Mais en vrai, l’astrologie peut remplir exactement la même fonction. Les archétypes qu’elle utilise fonctionnent bien, ils mettent en lumière des traits qui existent effectivement chez les vrais gens. Il faut juste oublier cette histoire de les associer à une date de naissance.
Perso j’ai vraiment du mal avec le Big five que je trouve limité. Le MBTI est encore un peu en avance sur notre temps et un peu complexe par rapport au monde du travail qui cherche du simple et efficace. Il aura son heure de gloire dans 50 ans (peut être)
Article très intéressant comme toujours !
Après avoir déprimé des nuits entières sur le gâchis que cela représentait de ne pas se servir du MBTI, j’avais finis par mettre le label “gros con” sur tous ceux qui me sortaient l’argument comme quoi ce n’est pas validé par la science donc ça ne sert à rien (et dans mon infinie rationalité de Ti-dom il m’en a fallu du temps pour revoir ma vision, ah ça !) Aujourd’hui je me contente de dire si ça te sert tu prends sinon bah tant pis. Cet article exprime avec plus de justesse (et surtout plus de diplomatie) ma position par rapport au sujet donc j’enverrai directement le lien aux futurs détracteurs que je croiserai ~.~
Bien à vous chère chouette !
J’ai l’impression de voir de la pensée extravertie dans l’argumentation à la fin :
“Franchement, ça marche, non? c’est utile! vous vous comprenez mieux! alors pourquoi se poser tant de question? continuez!”
Mais ça a peut-être simplement retenu mon attention car je te sais INTJ (l’explication de la différence perçue de fiabilité avec le Big Five me paraît être dans une veine plus Ti, je me trompe?

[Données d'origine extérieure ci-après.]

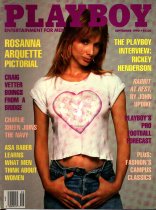 Playboy Magazine, September 1990, Volume 37, Issue 9, Cover Roseanna Arquette, Centerfold Kerrie Kindle, 26M-0152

Les autres arguments me paraissent neutres)
Bonjour Champi,
En effet, j’ai un point de vue très Te sur la question : l’important, c’est le résultat. 😉 Après, s’il y a des gens que ça dérange, par principe, d’utiliser un truc non-validé par la science, ils sont libres de choisir leurs outils.
Pour le reste, je ne sais pas si c’est du “Ti”… Mais ce n’est pas impossible, étant donné que Ni-Te produit souvent des réflexions ressemblant à Ti. (Bien que le processus soit différent, la conclusion est similaire.)